Arguing that being part of the European Union is not in the British interest, that NATO has outlived its usefulness, that protectionist policies or anti-immigration policies are desirable is not fascist. These ideas have no connection to fascism whatsoever. They are far more closely linked to traditional liberal democracy. They represent the reassertion of the foundation of liberal democracy, which is the self-governing nation-state. It is the foundation of the United Nations, whose members are nation-states, and where the right to national self-determination is fundamental.
Liberal democracy does not dictate whether a nation should be a member in a multinational organization, adopt free trade policies or protectionism, or welcome or exclude immigrants. These are decisions to be made by the people – or more precisely, by the representatives they select. The choices may be wise, unwise or even unjust. However, the power to make these choices rests, in a liberal democracy, in the hands of the citizens.
What we are seeing is the rise of the nation-state against the will of multinational organizations and agreements. There are serious questions about membership in the EU, NATO and trade agreements, and equally about the right to control borders. Reasonable people can disagree, and it is the political process of each nation that retains the power to determine shifts in policy. There is no guarantee that the citizenry will be wise, but that cuts both ways and in every direction.
The current rise of nationalism in Europe is the result of European institutions’ failure to function effectively. Eight years after 2008, Europe still has not solved its economic problems. A year after the massive influx of refugees in Europe, there is still no coherent and effective policy to address the issue. Given this, it would be irresponsible for citizens and leaders not to raise questions as to whether they should remain in the EU or follow its dictates. Similarly, there is no reason for Donald Trump not to challenge the idea that free trade is always advantageous, or to question NATO. However obnoxious his style and however confusing his presentation, he is asking questions that must be asked.

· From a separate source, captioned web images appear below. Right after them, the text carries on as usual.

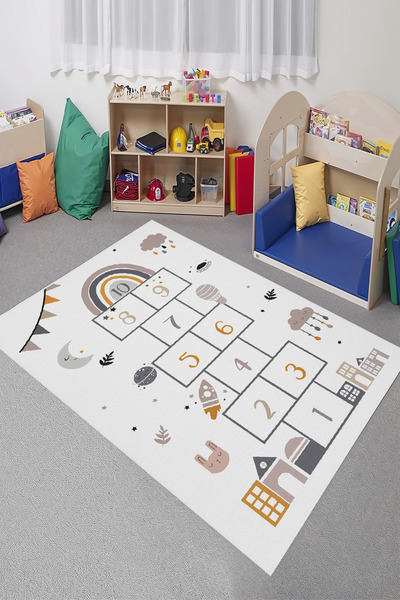 YTR HOME Dijital Baskı Yıkanabilir Kaymaz Taban Dekoratif Leke Tutmaz Kolay T...
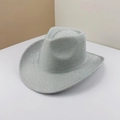 Silver sequin cowboy hat with wide upturned brim for parties and festive events - Adjustable M / Silver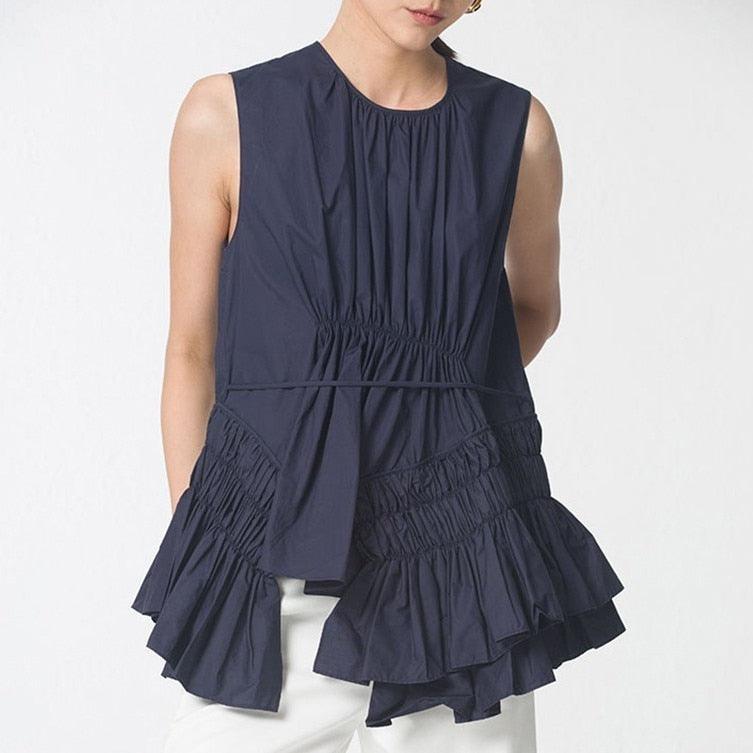Sleeveless  Round Neck Irregular Ruched Blouse - TeresaCollections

In the 1950s, the McCarthyites charged anyone they didn’t like with being communists. Today, those who disapprove of the challengers of the current system call them fascists. Now, some of the opponents of the EU or immigration may really be fascists. But the hurdle for being a fascist is quite high. Fascism is far more than racism, tinkering with the judiciary, or staging a violent demonstration. Real fascism is Nazi Germany’s “leader principle” – which dictated absolute obedience to the Führer, whose authority was understood to be above the law.
We are seeing a return to nationalism in Europe and the United States because it is not clear to many that internationalism, as followed since World War II, benefits them any longer. They may be right or wrong, but to claim that fascism is sweeping Europe and the United States raises the question of whether those who say this understand the principles of fascism or the intimate connection between nationalism and liberal democracy.